:: Your task ::
Each line from the one containing "Karim Benzema Classic Canvas" through the last line of the records is to be repeated exactly, with all pictures left out.

:: Source records ::

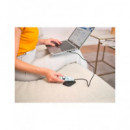 TRUST Lector Tarjeta Dni Smart Card Reader Ceto USB 2.0/ISO14443A/B Mifare 2K/4K Icao 9303 Type A+b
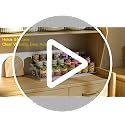Expandable Can Organizer for Pantry - 3-Tier Adjustable Acrylic Storage Rack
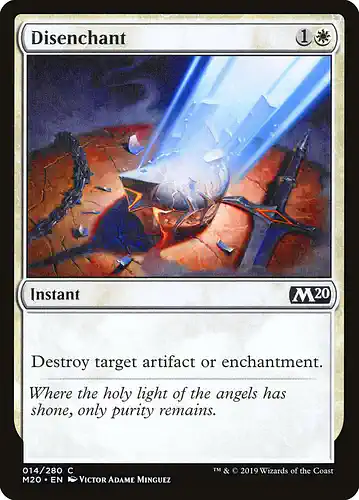 Disenchant - m20 Spoiler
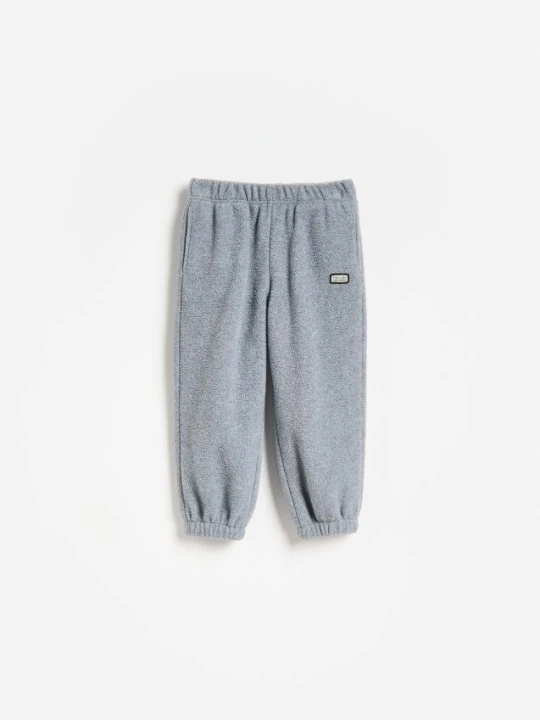 Zdjęcie produktu Reserved - Polarowe spodnie - jasnoszary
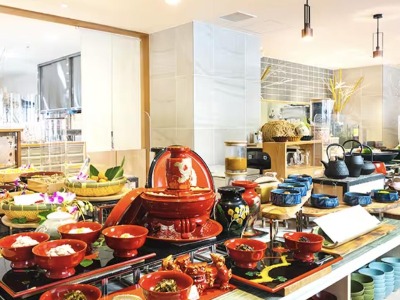 HOTEL SANSUI NAHA Ryūkyū Onsen Naminoue no Yu Ryūkyū Dining Hanagusuku – Hashiro –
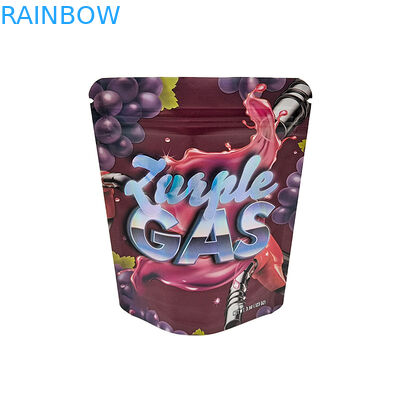 কফি বীজ এবং খাদ্যের জন্য মাইলার ব্যাগ সহ সিলভার ফয়েল প্যাকেজ প্যাকেজিং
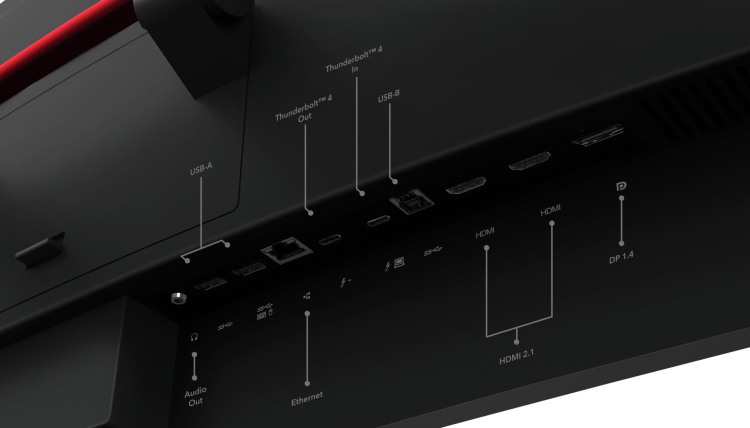 Монитор Lenovo 49" ThinkVision P49w-30 IPS 60Hz 63DBRAT1UA (UA) Монитор Lenovo 49" ThinkVision P49w-30 IPS 60Hz 63DBRAT1UA (UA)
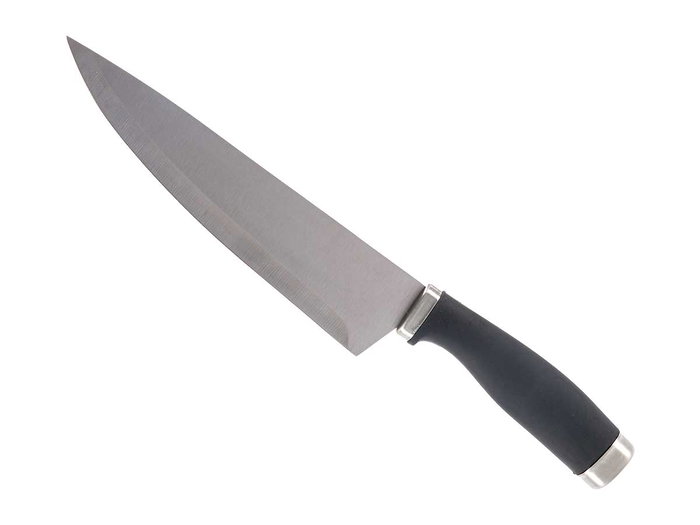 KINVARA Jeu de couteaux de cuisine 24 pièces en acier inoxydable Plata-Negro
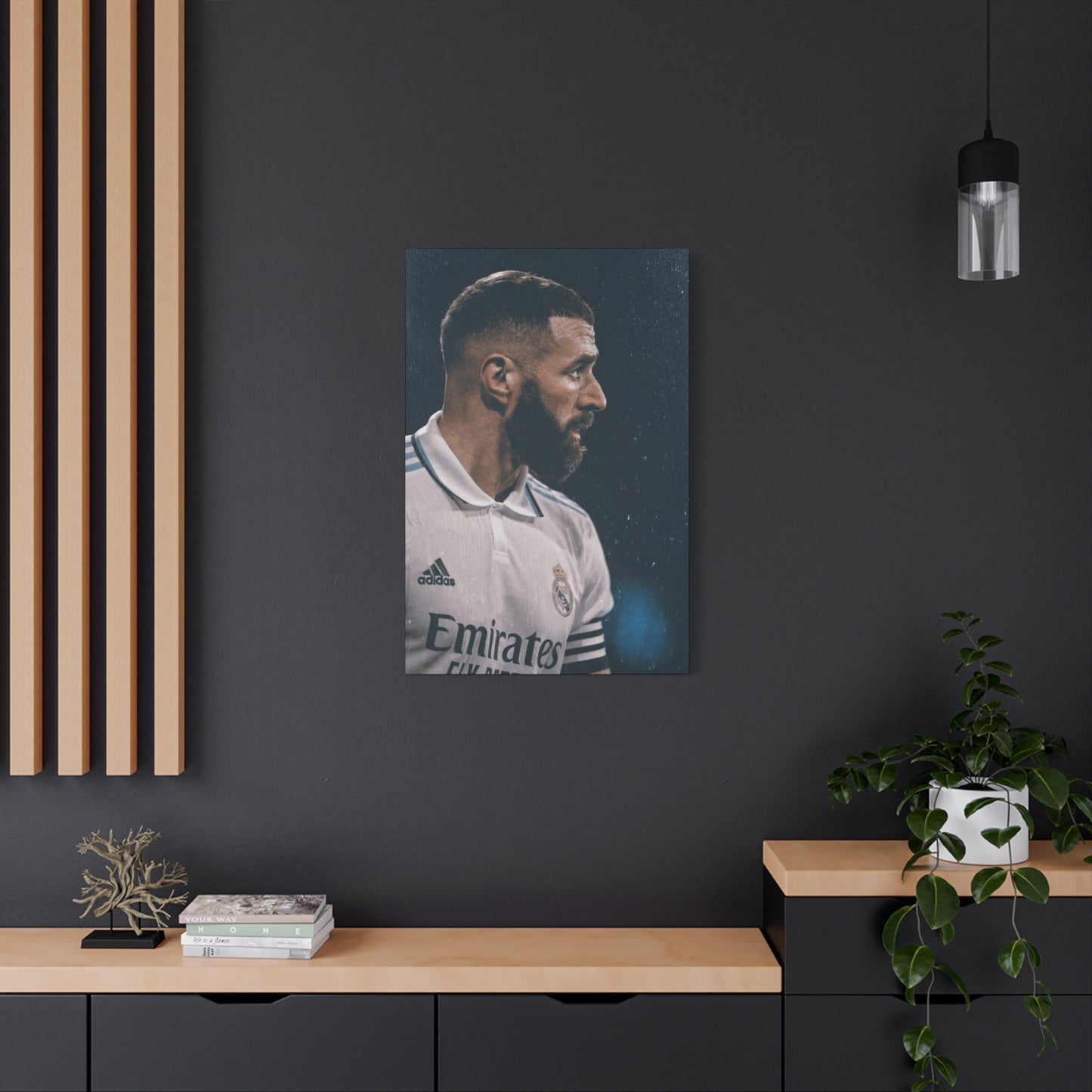 Karim Benzema Classic Canvas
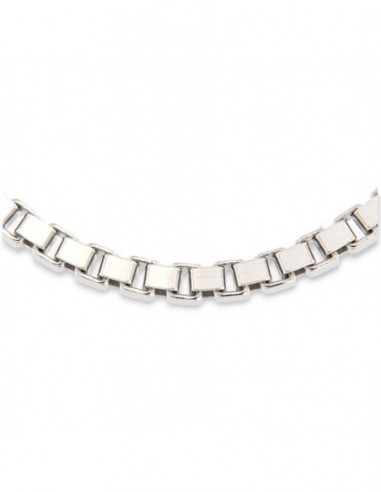 Collana Argento Rodiato Veneziana Grande [d160b411]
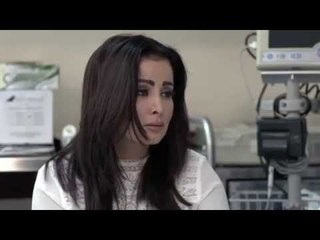 مسلسل غريب بين أهلة | نوف مع جالد بعد العملية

:: Task response ::
 Karim Benzema Classic Canvas
 Collana Argento Rodiato Veneziana Grande [d160b411]
 مسلسل غريب بين أهلة | نوف مع جالد بعد العملية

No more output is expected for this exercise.